Autumn Angel goes up for sale on Inglis Digital
Group 1 winner Autumn Angel (The Autumn Sun) will be offered in a standalone Inglis Digital Online Sale with bidding on the mare set to open at 9am on Monday and the final countdown to begin from 4pm Tuesday.
It was announced on Tuesday that the Peter Moody and Katherine Coleman-trained mare would miss the spring carnival after sustaining a tendon injury, and it has now been confirmed Autumn Angel has run her last race and will be offered online as a breeding prospect.
“I’ve had some good ones and trust me, this girl was right up there in the top bracket,” said Moody.
“She was a special racehorse who had so much ahead of her on the track but instead, it’s now time for her to become a mum and she’ll be one heck of a broodmare, mark my words.”
The daughter of The Autumn Sun (Redoute’s Choice) won four and was placed in five her 11 starts, with her crowning glory coming in last season’s Australian Oaks (Gr 1, 2400m), while she also landed the Kewney Stakes (Gr 2, 1600m) and Ethereal Stakes (Gr 3, 2000m), in a career that saw her accrue $1,188,040 in prize-money.
Heaven sent! 🪽🪽
Autumn Angel wins the G1 Australian Oaks for @moodyracingpgm and @kscoleman!@aus_turf_club pic.twitter.com/mmCISR0bgt
— SKY Racing (@SkyRacingAU) April 13, 2024
Autumn Angel was a $230,000 purchase by her owner Dalziel Bloodstock and Moody Racing from the draft of her breeders Arrowfield Stud at the 2022 Inglis Australian Easter Yearling Sale and Dalziel described the four-year-old as ‘the best filly I’ve ever had anything to do with, and there’s been plenty of good ones over the past 20 years’.
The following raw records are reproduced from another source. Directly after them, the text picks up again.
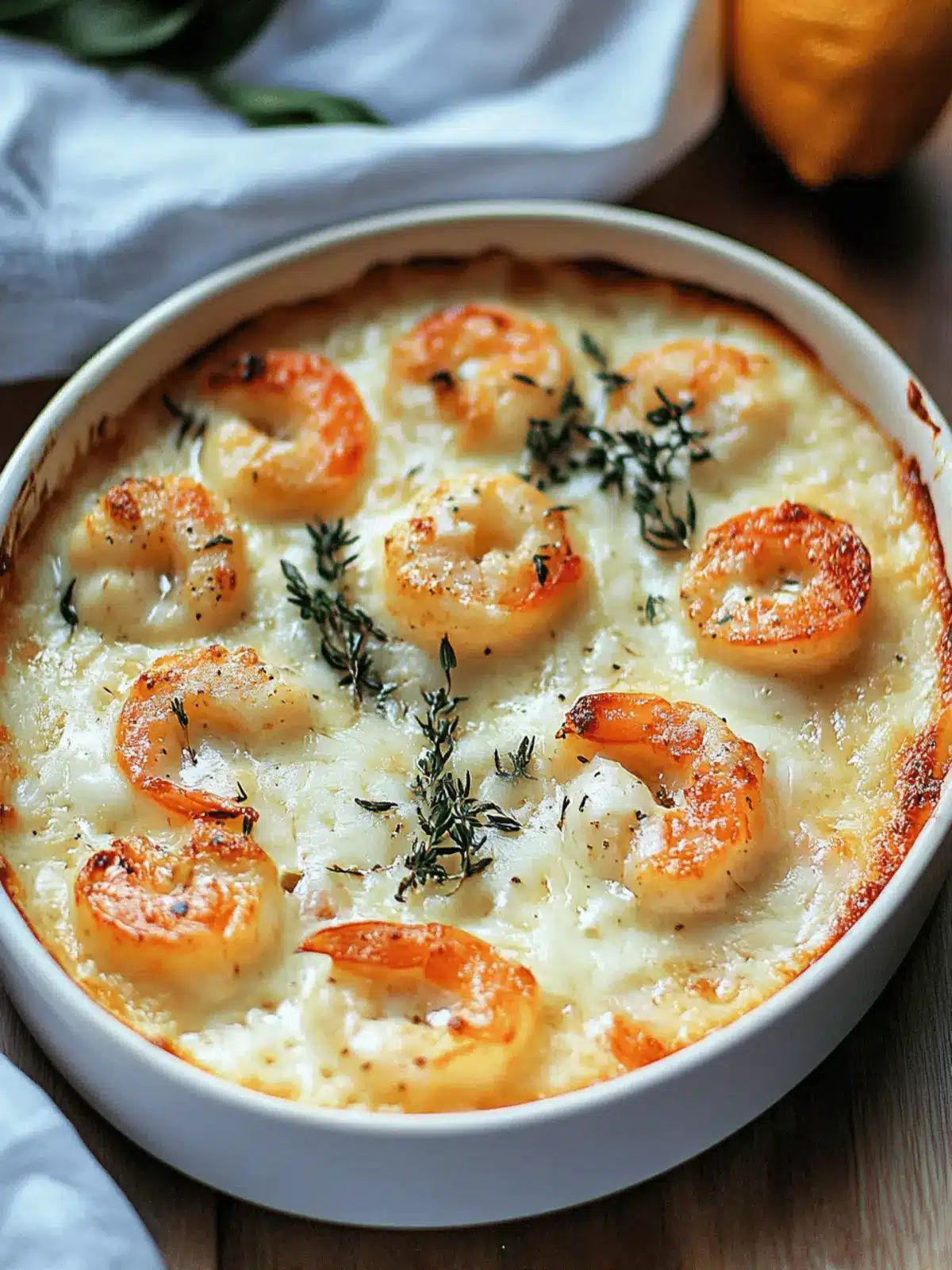 Keto Knoblauch Garnelen Au Gratin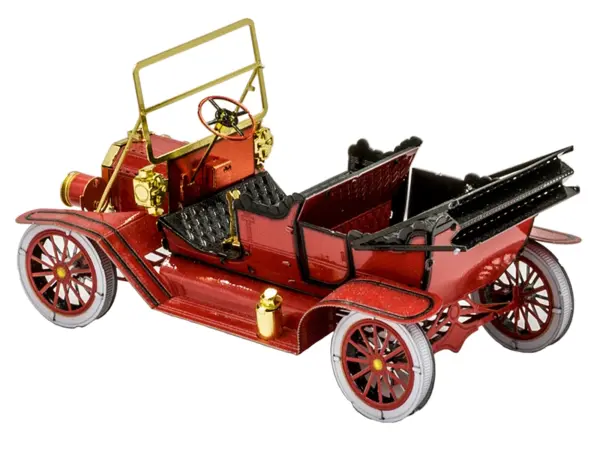 Model Kit 1908 Ford Model T Red (Moderate Difficulty) Steel Model by Metal Earth #4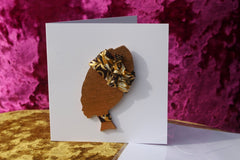 African Card Card Made with Recycled Wood and Eco Friendly Paper - Continent Clothing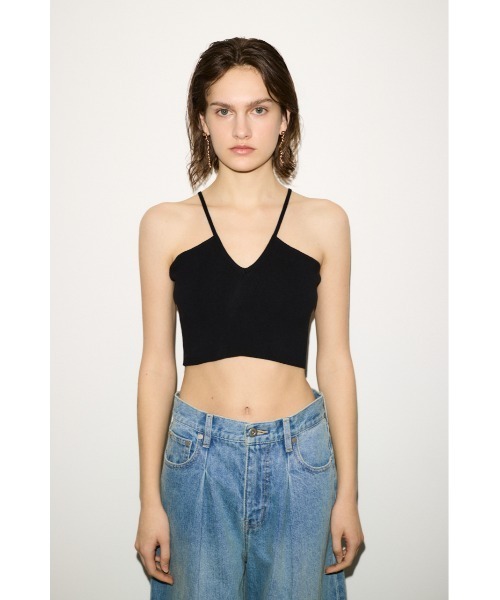 THROW by SLY（スローバイスライ）の「THROW CROP 2WAY HG CAMI クロップ ツーウェイ ハイゲージ キャミ（キャミソール・レディース・ホワイト/ブラウン/ブラック・FREE）」の13枚目の写真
“That’s the saddest thing is, while this filly was already proven at the elite level there’s no doubt whatsoever that her best was still ahead of her,’’ Dalziel said.
“When we bought her at Easter she had so much scope for improvement and that’s all she’s done since is improve, improve, improve, to the point where she came back recently after spelling in Queensland over winter and Moods and Katherine and the team couldn’t believe she was the same horse. She’d just grown and developed and filled out into herself even more.
“When they see her, people will understand what I mean when I say she’s a machine, she’s such a gorgeous mare with all the right physical attributes that breeders want and need.
“She won from 1300 metres to 2400 metres but Moods was training her as a miler for this campaign. She held noms for the Cox Plate and Caulfield Cup but we were targeting the Golden Eagle over 1500 metres and the Empire Rose over a mile, that’s how good she’d come back.
“Moods was heartbroken when he called me and told me she’d done the injury, he genuinely thought she was going to be the superstar of the spring carnival and beyond but now it’s time to let a breeder manage the next phase of her career.’’
Autumn Angel is the best of three winners from four to come from the Group 3-winning Hussonet (Mr. Prospector) mare Angel Of Mercy, who was also second to Cosmic Endeavour (Northern Meteor) in the 2014 Tattersall’s Tiara (Gr 1, 1400m).
Oaks winners have a stellar record at stud, in particular Australian Oaks winners.
Since 2000, Rising Romance (Ekraar), who won the Australian Oaks in 2014, produced Thousand Guineas (Gr 1, 1600m) winner Yearning (Snitzel), while Dizelle (Zabeel), winner of the Sydney Classic in 2005, went on to foal VRC Oaks (Gr 1, 2500m) winner Pinot (Pierro).
The 2003 triumphant Sunday Joy (Sunday Silence), was the dam of multiple Group 1-winning champion More Joyous (More Than Ready), while Republic Lass (Canny Lad), who won the Group 1 in 2002, subsequently produced South African Grade 1 winner The Conglomerate (Lonhro).
Oaks winners across Australia in general have gone on to produce the likes of Group 1 winners Anamoe (Street Boss), Stay With Me (Street Cry) and Miami Bound (Reliable Man) among others, while since 2000, of Oaks-winning mares in Australia who have had foals to race, 14 per cent have produced a Group 1 winner, 36 per cent have produced a stakes winner and 54 per cent have produced a stakes horse.
Inglis Bloodstock CEO Sebastian Hutch said Autumn Angel presented a rare opportunity for breeders.
“I watched her debut run as a two-year-old on my phone – she was desperately unlucky not to beat Legacies over 1200 metres at Cranbourne,” Hutch said.
“At that stage, it was obvious that she was supremely talented and she has done nothing but impress throughout her career.
“Anyone who saw her in the mounting yard before the Oaks in Sydney in April will have fallen in love with her on the spot – she is beautiful – and it’s heartbreaking for the owners that she won’t be racing on because her race record is one that doesn’t quite do justice to her ability, as accomplished as she was.
“We see it time and time again, these race fillies with genuine class are inclined to impart it to their offspring and she’s got a pedigree that features the likes of Redoute’s Choice, Galileo, Hussonet, so all the ingredients are there.”
The catalogue will go live at inglisdigital.com this coming Friday afternoon, with bidding to open at 9am on Monday.
The final countdown of bidding will begin from 4pm Tuesday.